▶ What is required
Retype, exactly as they appear below, the lines between the line holding "Клапан вентиль PRO" and the line holding "STICKER DECAL CRF 150 L BLACK GOLD PREMIUM", both ends included.

▶ Listed entries
━━━

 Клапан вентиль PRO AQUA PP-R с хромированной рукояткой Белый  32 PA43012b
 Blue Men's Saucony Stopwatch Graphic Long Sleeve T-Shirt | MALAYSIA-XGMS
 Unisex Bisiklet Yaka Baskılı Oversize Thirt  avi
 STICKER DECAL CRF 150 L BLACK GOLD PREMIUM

━━━

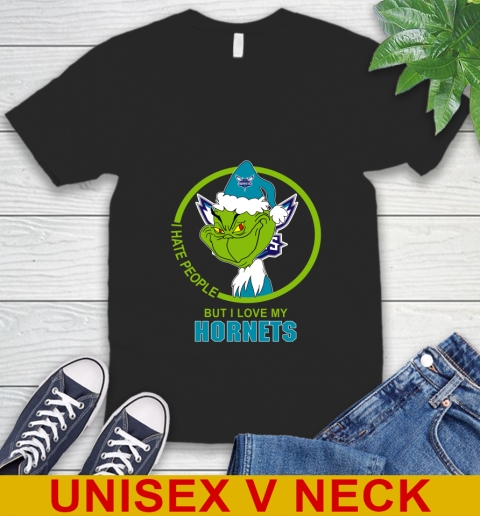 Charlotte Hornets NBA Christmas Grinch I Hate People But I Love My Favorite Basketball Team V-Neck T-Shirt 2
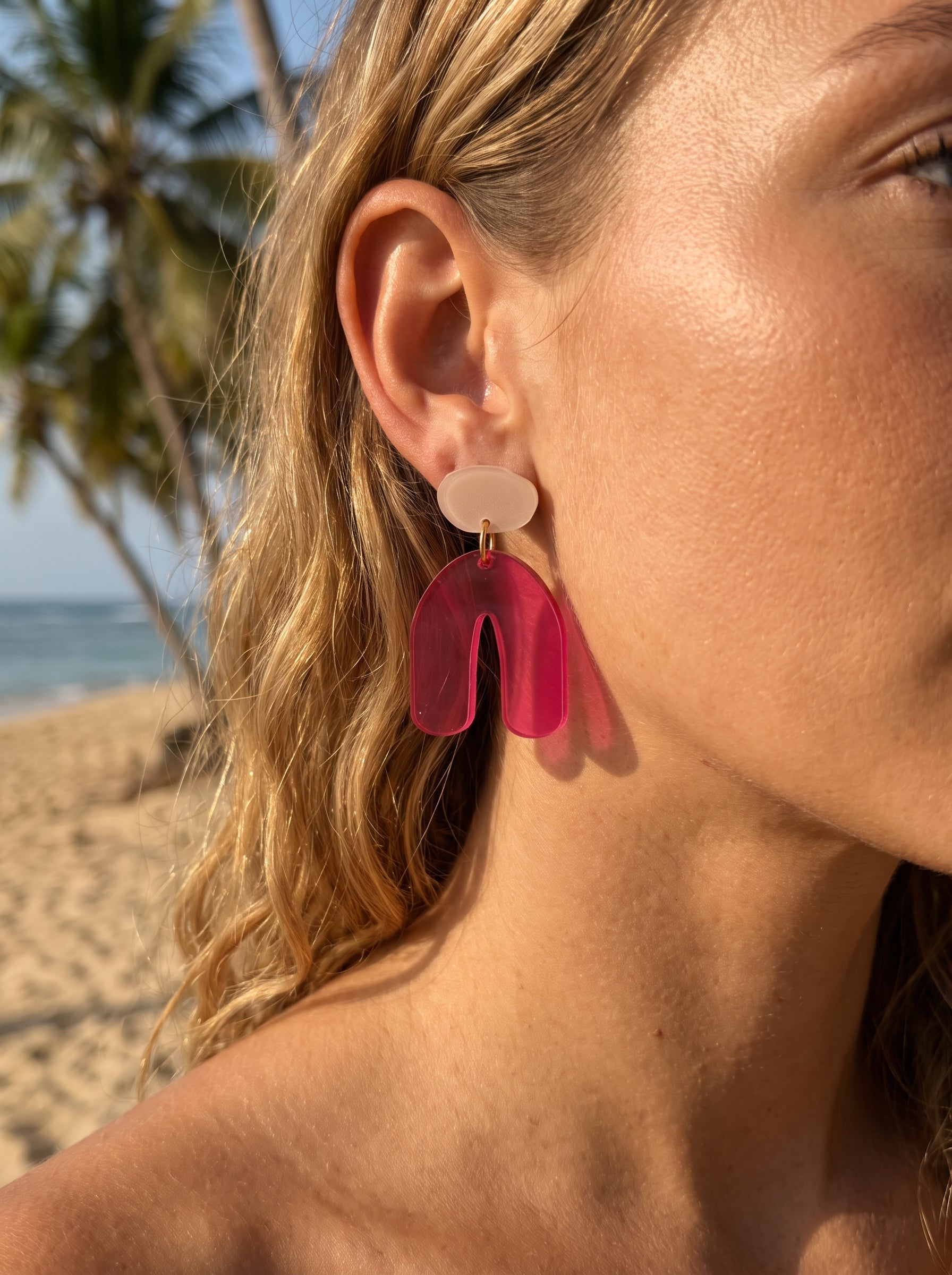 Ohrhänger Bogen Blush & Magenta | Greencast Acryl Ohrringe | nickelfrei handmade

━━━

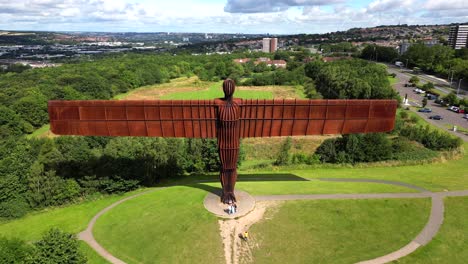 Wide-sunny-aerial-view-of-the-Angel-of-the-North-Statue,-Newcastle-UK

━━━

▶ Problem solution
 Клапан вентиль PRO AQUA PP-R с хромированной рукояткой Белый  32 PA43012b
 Blue Men's Saucony Stopwatch Graphic Long Sleeve T-Shirt | MALAYSIA-XGMS
 Unisex Bisiklet Yaka Baskılı Oversize Thirt  avi
 STICKER DECAL CRF 150 L BLACK GOLD PREMIUM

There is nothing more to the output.